Decentralized stablecoins saw mixed results. MakerDAO’s DAI experienced a modest decline, down from $3.55B to $3.18B, amid its ongoing transition to USDS (Sky Protocol), signaling some uncertainty as MakerDAO heavily integrates real-world assets to stabilize yield. Liquity's LUSD also declined slightly from $59M to $44M, highlighting limited adoption despite its resilience during regulatory uncertainties.

Newer stablecoins experienced notable volatility. PayPal's PYUSD surged dramatically, increasing from $399M to $775M in just three months, reflecting accelerated adoption through PayPal’s global network and improved multi-chain accessibility. FDUSD, however, fluctuated widely, peaking at $2.3B in March before sharply declining to $1.4B by April, suggesting possible liquidity shifts or regulatory uncertainty impacting demand.

Binance's BUSD continued its phased exit, effectively becoming irrelevant with market cap shrinking below $58M due to sustained regulatory pressures. For traders and DeFi institutions, these trends emphasize the importance of regulatory clarity and issuer transparency. USDC's growth and PYUSD’s emergence signal growing institutional confidence in regulated, transparent stablecoins, while volatility in decentralized alternatives and smaller issuers suggests ongoing risk factors. Traders should closely monitor stablecoin reserves and regulatory developments as they directly impact liquidity conditions and overall market stability.

Stablecoin Issuance

Amberdata Stablecoin Issuance. DAI, USDC, USDT, FEI, FRAX, LUSD, BUSD

From January to April 2025, stablecoin issuance—representing newly minted or redeemed tokens—provides crucial signals about market sentiment and adoption patterns. Positive issuance typically implies increasing demand or expanding use-cases, while negative issuance signals redemptions, reflecting decreased confidence or regulatory concerns.

In early 2025, USDC showed significant volatility in issuance, fluctuating notably with a net redemption of $100 million in February but rebounding strongly with new issuance of $248 million in March and $85 million in April. This pattern reflects Circle's ongoing integration with traditional finance and aggressive global compliance, positioning USDC as a reliable on-chain dollar amid regulatory uncertainties.
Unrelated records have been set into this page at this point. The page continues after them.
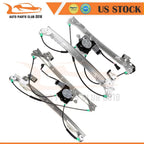 Window Regulator with Motor Set for GMC Envoy (2002–2009)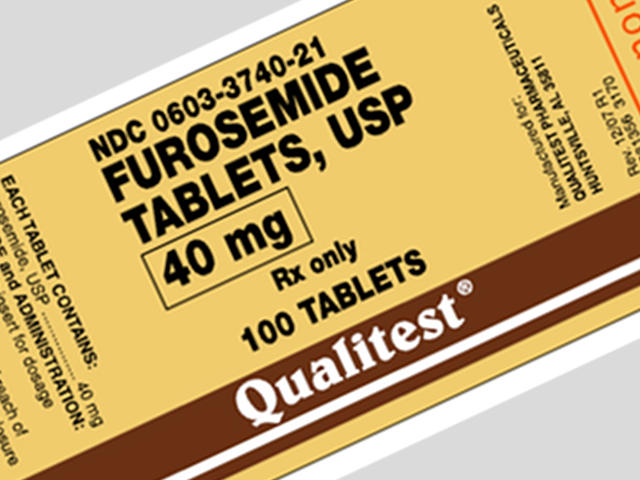 Furosémide (Lasix®, Lasilix®)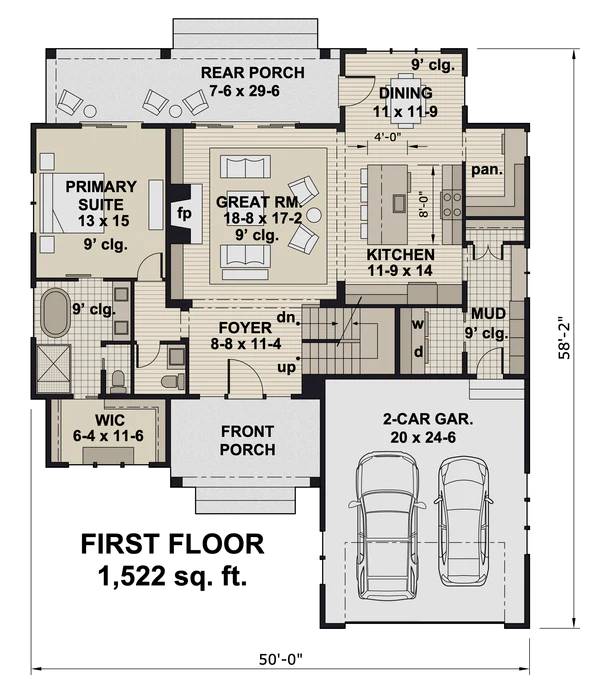 1st Floor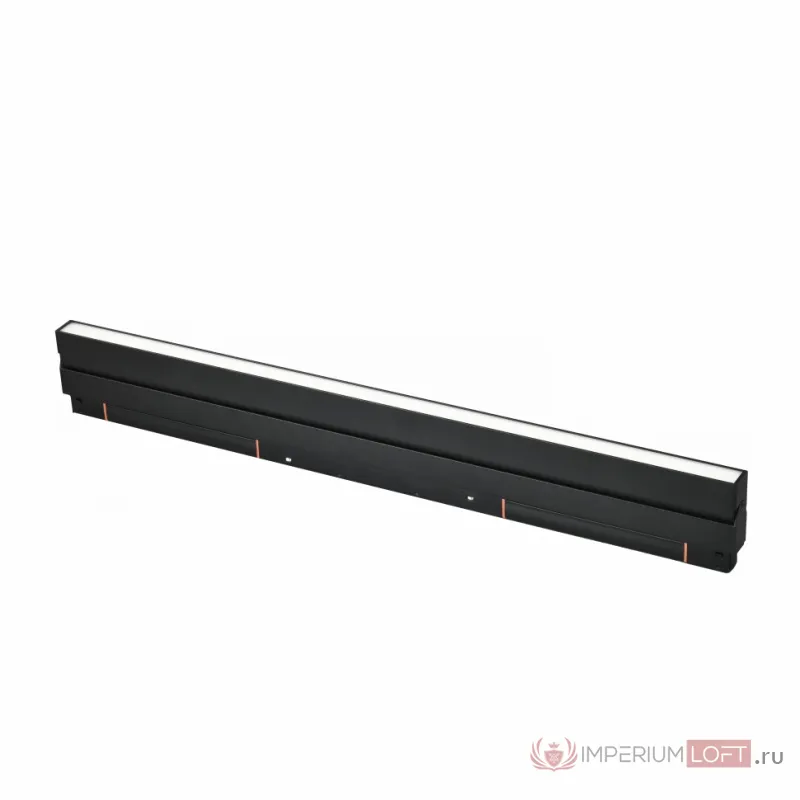 Светильник трековый iLEDEX TECHNICAL VISION SMART 4822-004-L602-24W-110DG-BK (раб. с Алисой) от ImperiumLoft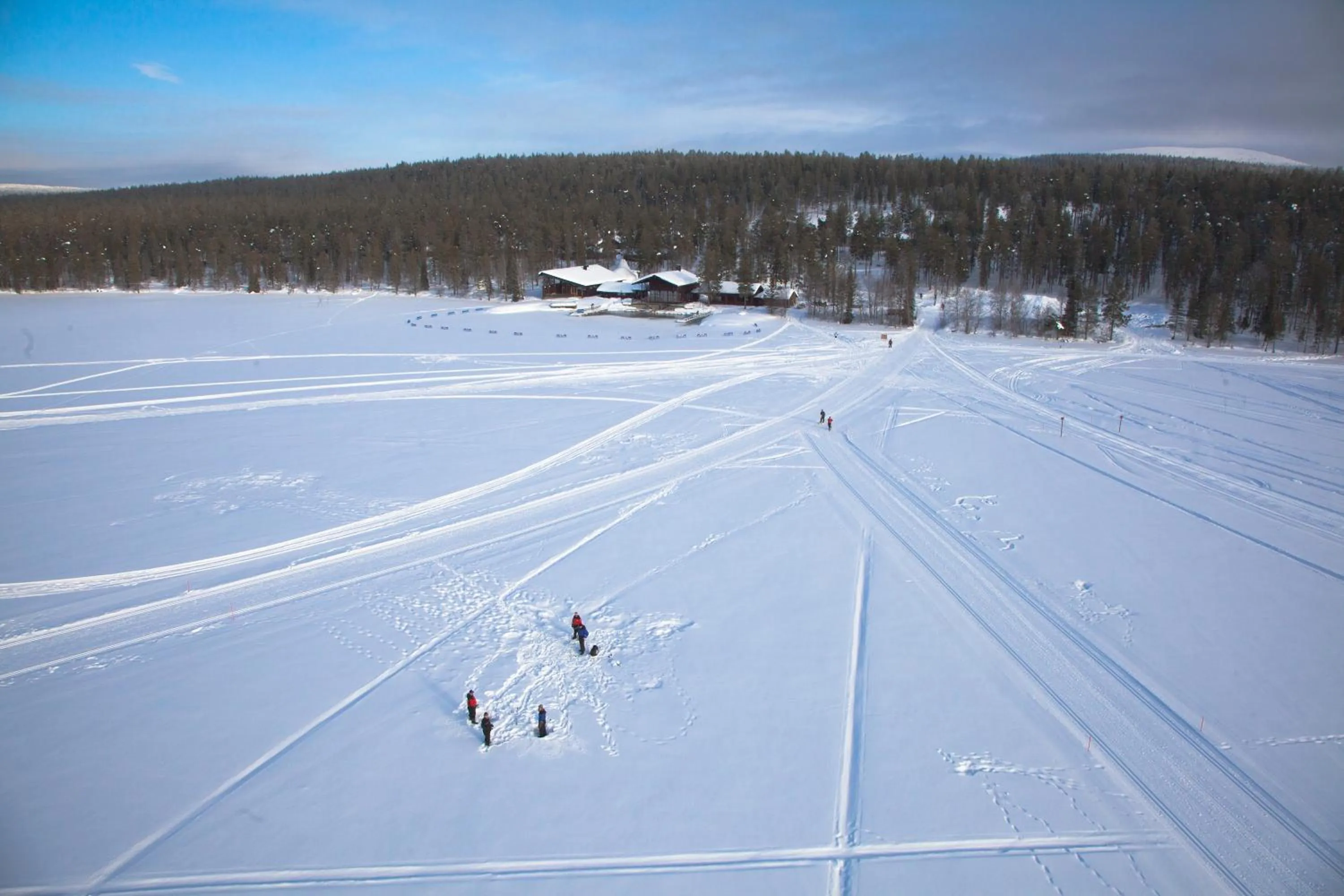 Spring in Jeris Lakeside Resort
DAI issuance remained turbulent, with substantial redemptions (-$38 million) in February, a strong recovery ($41 million issued) in March, and modest redemption (-$6.6 million) in April. This volatility is linked to MakerDAO’s transition to its rebranded stablecoin, USDS, and strategic adjustments to its high-yield DAI Savings Rate (DSR). The fluctuating issuance underlines cautious investor sentiment amidst structural changes.

PYUSD, PayPal’s stablecoin, saw robust issuance through early 2025, issuing nearly $38 million in January alone, reflecting accelerating adoption within PayPal’s vast user base. However, issuance slowed notably in subsequent months, hinting that initial demand from new user onboarding might plateau without broader ecosystem integration.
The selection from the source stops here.